Take the line containing "谷フユヒコ / FUYUHIKO EARLY WORKS '1987-1990'" and every line after it to the end of the material below; reproduce them exactly, without pictures.

• **PROVIDED DATA**
Segment Open
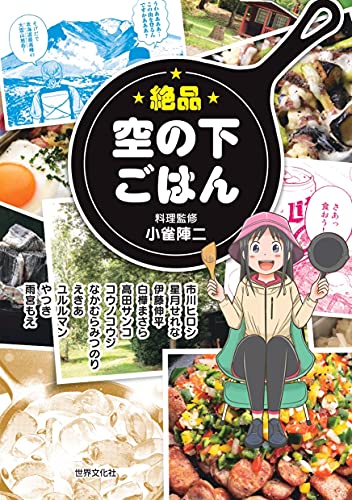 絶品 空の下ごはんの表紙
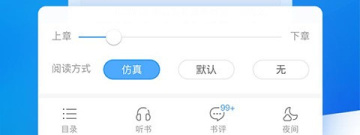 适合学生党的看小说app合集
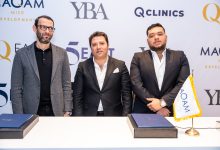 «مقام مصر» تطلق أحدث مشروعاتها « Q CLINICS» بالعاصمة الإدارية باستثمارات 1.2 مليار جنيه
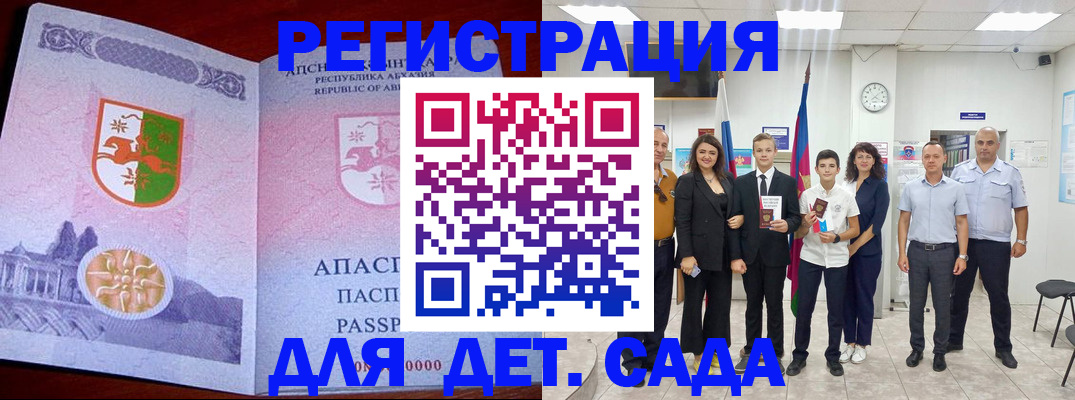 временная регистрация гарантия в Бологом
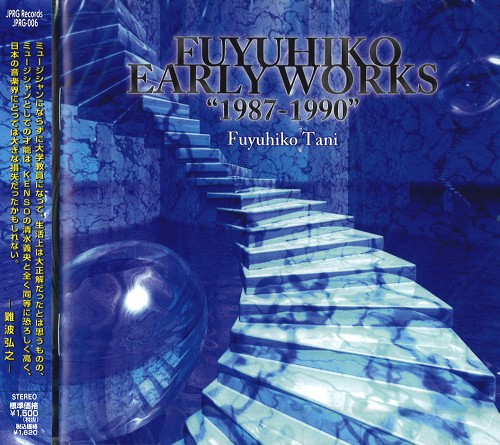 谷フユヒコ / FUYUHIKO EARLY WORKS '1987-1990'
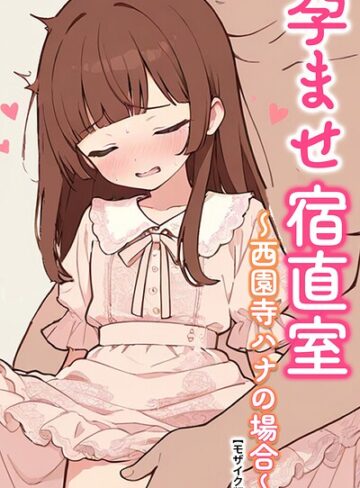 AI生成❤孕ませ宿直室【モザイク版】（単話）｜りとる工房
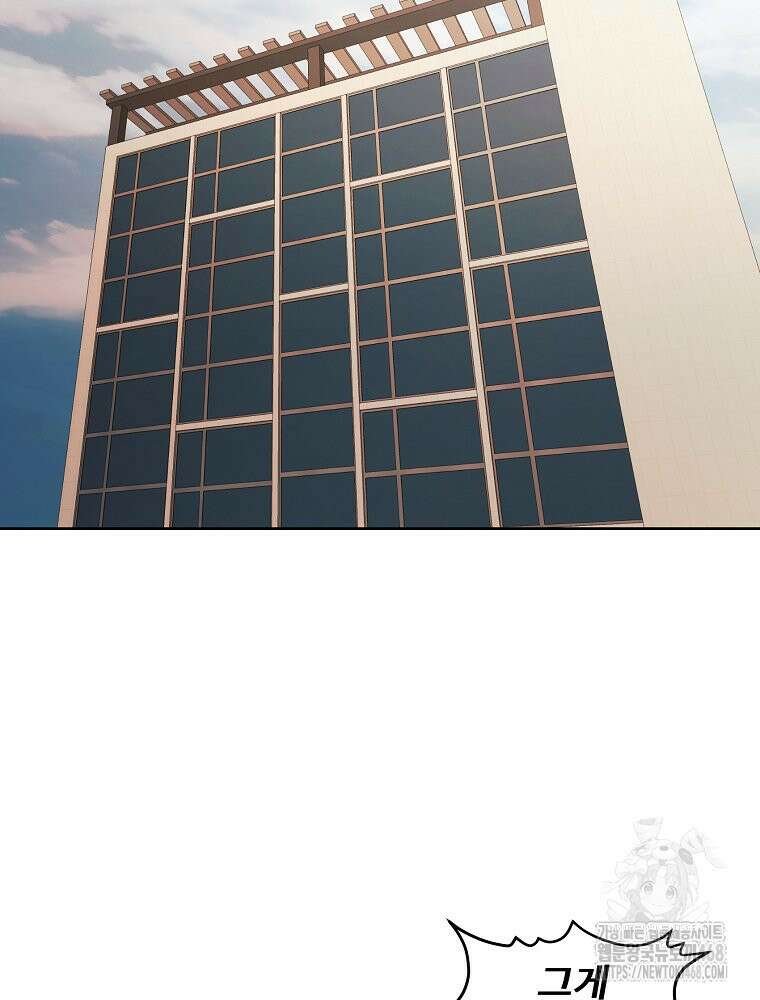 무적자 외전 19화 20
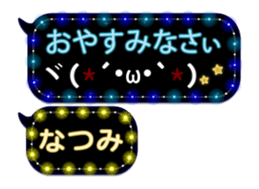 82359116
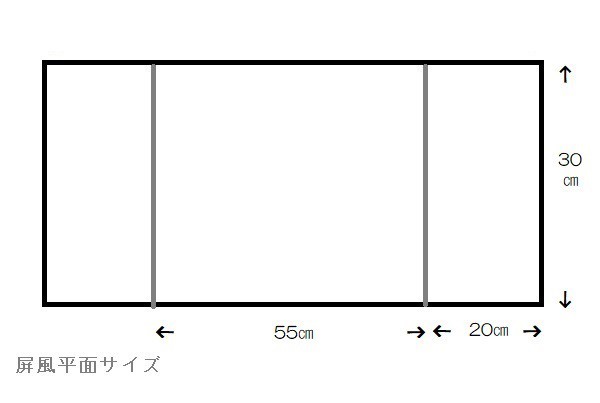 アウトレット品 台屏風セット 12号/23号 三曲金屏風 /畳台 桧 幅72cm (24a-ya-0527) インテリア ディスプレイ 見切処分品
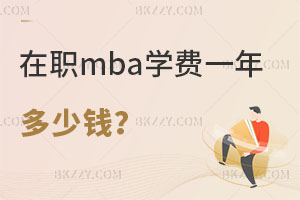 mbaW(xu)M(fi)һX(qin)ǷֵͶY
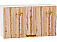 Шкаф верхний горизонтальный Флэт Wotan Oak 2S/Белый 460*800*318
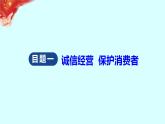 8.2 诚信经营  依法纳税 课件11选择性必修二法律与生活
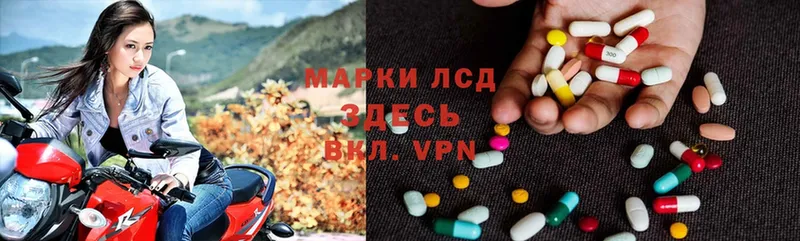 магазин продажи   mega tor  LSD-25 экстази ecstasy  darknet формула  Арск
Segment Closed
• **RESULT OF THE EXERCISE**
 谷フユヒコ / FUYUHIKO EARLY WORKS '1987-1990'
 AI生成❤孕ませ宿直室【モザイク版】（単話）｜りとる工房
 무적자 외전 19화 20
 82359116
 アウトレット品 台屏風セット 12号/23号 三曲金屏風 /畳台 桧 幅72cm (24a-ya-0527) インテリア ディスプレイ 見切処分品
 mbaW(xu)M(fi)һX(qin)ǷֵͶY
 Шкаф верхний горизонтальный Флэт Wotan Oak 2S/Белый 460*800*318
 8.2 诚信经营  依法纳税 课件11选择性必修二法律与生活
 магазин продажи   mega tor  LSD-25 экстази ecstasy  darknet формула  Арск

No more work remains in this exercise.